Alternando entre a decência de Life e a pura estupidificação de Covenant, o maior problema (e a maior ironia) deste Paradoxo de Cloverfield é ele próprio ser um filme-paradoxo: hesitante sobre que filme há-de ser, no limite sendo um filme até mais cerebral (devido à diminuição ainda maior de conflitos com o monstro em questão), mas que desperdiça todo o seu aparente inteleto e vontade de fazer diferente em lugares comuns e decisões estúpidas: o comandante que decide sacrificar a sua vida, após levar dois dos seus colegas sem um grande motivo aparente; a mulher (uma excelente Guga Mbatha-Raw, a exceder-se bem acima do patamar de qualidade do filme) com um passado trágico forçada a tomar uma decisão entre o bem pessoal e o bem universal, etc.

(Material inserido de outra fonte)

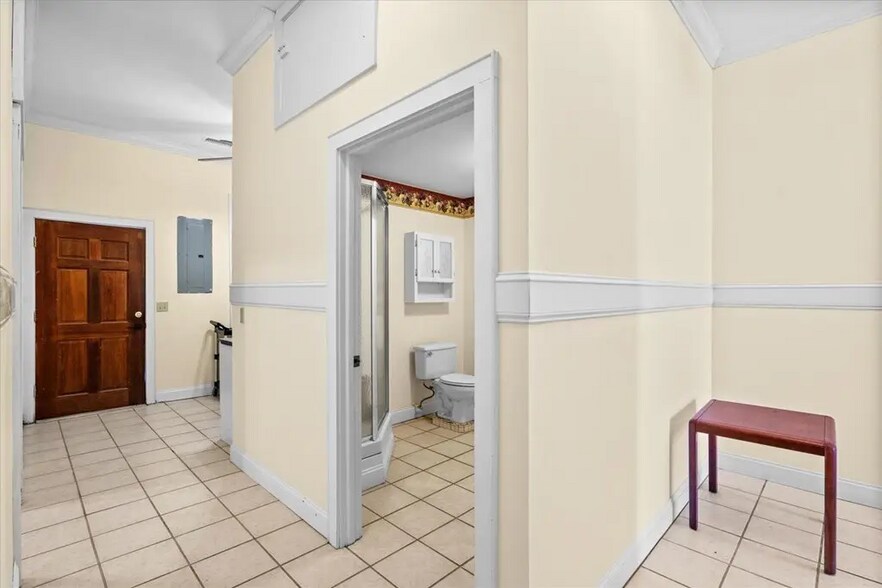 More Photos Of 313 Wolfe St, Cohutta Office For Sale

E depois temos uma decisão questionável de colocar a Terra também como espaço da ação, alternado assim com a ação da estação espacial, porque, lá está, vem aí ligação ao universo nos últimos segundos de filme, onde finalmente poderemos testemunhar O monstro. 

Resumindo: uma potencial boa sesta num filme-desperdício, que teima a cada volta em subestimar os talentos do seu elenco – onde só Mbatha-Raw sairá mais ilesa, ainda assim.